For classifier development 139 genes, DE between SSA/Ps and HP, CR samples (Additional file 1: Table S4) were considered. Gene expressions for both RNA-seq and microarray platforms were normalized to a common range by subtracting the median absolute deviation (MAD) [19] from each gene’s expression. Hence, gene expressions were centered around zero and genes with large fold changes between two phenotypes had positive expressions under one phenotype and negative expressions under the other. Genes with the small variability were filtered out (MAD < 0.1). Finally, only the genes expressed in all three platforms (117 genes) were considered for further classifier design steps.

Feature selection step

Selecting only genes (features) with high concordance between platforms is crucial to design a platform-independent classifier. Platform-independent classifier, trained using one platform, should have low classification error rate while being tested using other platform. Here, to assess genes concordance between platforms, we developed a new non-parametric test (see Methods for details). The test identified genes, robustly differentiating two phenotypes under different platforms, the best candidates for an inter-platform signature. Previously, the concordance between platforms has been measured by the correlation between mean expressions or fold changes [84, 85] or by intersection between lists of DE genes [86, 87].

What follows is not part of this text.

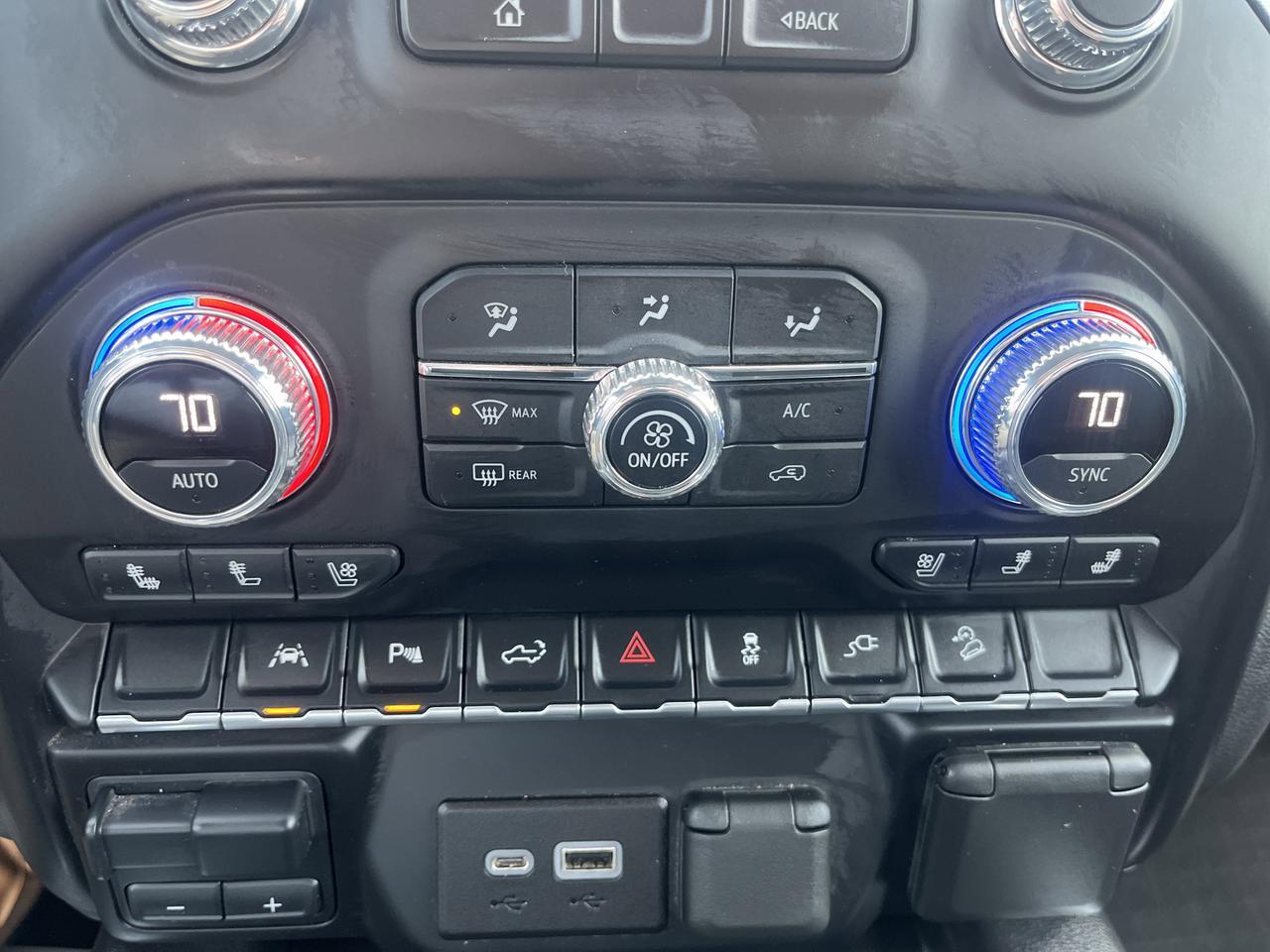 2022 GMC Sierra 1500 Limited SLT X31 Crew Cab 4WD 5.3L PremumPlusPkg w/AdptvCrz Nav 20s HtdMemBuckets Spray-OnBedliner Saukville WI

Consider two distributions: (1) correlation coefficients for all genes between two platforms, preserving phenotypic labels (ρ true ) and (2) correlation coefficients for all genes between two platforms, randomly resampling phenotypic labels (ρ random ). Additional file 2: Figure S1 presents the distributions of ρ true and ρ random when the HP and SSA/P samples from the RNA-seq training data were compared with the Illumina and Affymetrix data sets. Some genes had higher correlations when phenotypic labels were preserved, compared to when they were randomly resampled, introducing negative skewness to the distribution of ρ true (see Additional file 2: Figure S1). These genes showed higher correlation between platforms than by chance, illustrated by the case when phenotypic labels were randomly resampled. These genes were our candidate concordant genes. More formally, to identify concordant genes we tested the null hypothesis H 0 : \( {\overline{\rho}}_{true}\le {\overline{\rho}}_{random}+\mathit{\max}\left( SD\left({\rho}_{true}\cup {\rho}_{random}\right)\right) \).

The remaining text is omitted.